Friday, March 29, 2013

Potty Etiquette

I don't really use the word "potty." I'm an old guy. But since I think it's funny, I guess I'm still an eleven year old at heart.

Okay, baring my soul here.

Last Christmas, I was at my in-laws. I always eat well there. Too much. They're great cooks and even better in-laws. But I was in the bathroom paying the consequences.

There was a knock on the bathroom door. I froze, all bodily functions shutting down. Fleeting images of how to maintain cool (something I'm not overly familiar with) ran through my brain, sorta' like the cliché of when you're dying and images of loved ones flash through your mind. But this situation was WAY worse. My tongue turned into a bloated slug, words couldn't form. Not knowing what to do or say, I felt caught in the act of something heinous. Behind enemy lines, I wasn't on my home-friendly throne.

Finally, I came up with, "Who is it?"

Okay. It wasn't really what I meant to say. But I have my pants down around my ankles, feeling very vulnerable and exposed. There's a thin door separating me from whoever was lurking outside. And the last thing I wanted to do was become embroiled in a conversation. "Sure, come on in, pop a squat, drop trow if you're thusly inclined, don't be embarrassed just 'cause I'm bare-assed, sorry for the smell, some weather we're having lately, huh?"

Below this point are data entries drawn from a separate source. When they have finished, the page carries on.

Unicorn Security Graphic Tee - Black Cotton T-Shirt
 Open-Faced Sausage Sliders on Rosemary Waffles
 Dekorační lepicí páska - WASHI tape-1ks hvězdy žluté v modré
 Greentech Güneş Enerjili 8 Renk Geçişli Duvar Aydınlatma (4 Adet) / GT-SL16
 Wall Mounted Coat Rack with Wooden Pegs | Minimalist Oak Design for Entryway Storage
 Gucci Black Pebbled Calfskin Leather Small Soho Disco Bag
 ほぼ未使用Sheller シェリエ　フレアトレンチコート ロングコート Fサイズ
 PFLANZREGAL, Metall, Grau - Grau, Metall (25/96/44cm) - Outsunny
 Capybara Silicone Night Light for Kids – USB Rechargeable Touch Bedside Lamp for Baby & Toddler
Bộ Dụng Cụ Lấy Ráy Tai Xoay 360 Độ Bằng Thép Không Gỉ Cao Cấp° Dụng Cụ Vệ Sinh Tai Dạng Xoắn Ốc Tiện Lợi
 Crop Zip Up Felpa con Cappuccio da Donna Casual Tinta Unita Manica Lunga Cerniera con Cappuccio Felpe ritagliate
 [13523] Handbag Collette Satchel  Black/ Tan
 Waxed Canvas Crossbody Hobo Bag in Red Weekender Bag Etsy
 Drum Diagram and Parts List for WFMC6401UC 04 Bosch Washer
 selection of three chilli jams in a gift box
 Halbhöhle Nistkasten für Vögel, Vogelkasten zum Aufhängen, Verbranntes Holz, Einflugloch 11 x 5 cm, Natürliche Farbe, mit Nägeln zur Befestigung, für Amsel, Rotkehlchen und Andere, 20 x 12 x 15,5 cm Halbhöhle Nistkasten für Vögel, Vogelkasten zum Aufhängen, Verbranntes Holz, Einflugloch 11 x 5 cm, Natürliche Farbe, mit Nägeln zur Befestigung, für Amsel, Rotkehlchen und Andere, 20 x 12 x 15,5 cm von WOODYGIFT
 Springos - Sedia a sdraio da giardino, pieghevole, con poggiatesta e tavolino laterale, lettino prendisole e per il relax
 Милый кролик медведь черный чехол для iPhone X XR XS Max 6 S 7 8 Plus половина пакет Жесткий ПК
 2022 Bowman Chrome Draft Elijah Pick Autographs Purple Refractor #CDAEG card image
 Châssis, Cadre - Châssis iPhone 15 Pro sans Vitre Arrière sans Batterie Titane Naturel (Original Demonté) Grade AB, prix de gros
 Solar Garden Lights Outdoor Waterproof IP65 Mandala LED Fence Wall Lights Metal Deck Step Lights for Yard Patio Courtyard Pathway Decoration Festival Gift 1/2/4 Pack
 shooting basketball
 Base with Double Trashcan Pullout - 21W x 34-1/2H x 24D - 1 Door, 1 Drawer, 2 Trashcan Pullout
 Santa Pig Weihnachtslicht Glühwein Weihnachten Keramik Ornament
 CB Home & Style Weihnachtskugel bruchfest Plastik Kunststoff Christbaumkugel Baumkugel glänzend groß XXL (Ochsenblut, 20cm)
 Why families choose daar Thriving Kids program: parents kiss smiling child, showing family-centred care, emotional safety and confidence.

"Who is it?" Was that really the best thing I could come up with? Dumb. Did I really care? No. I just wanted to be left in peace. I was buying time, hoping the intruder would go away along with the fumes. He/she/the fumes didn't. They were still lurking outside the door.

Time shut down. Silence. Breathing beyond the door. Waiting. I was trapped. No easy exit. They knew what I was up to. Should I come clean, flush, wash, smile and wave when I brush by the bathroom raider(s)? No way. That's the road to humiliation.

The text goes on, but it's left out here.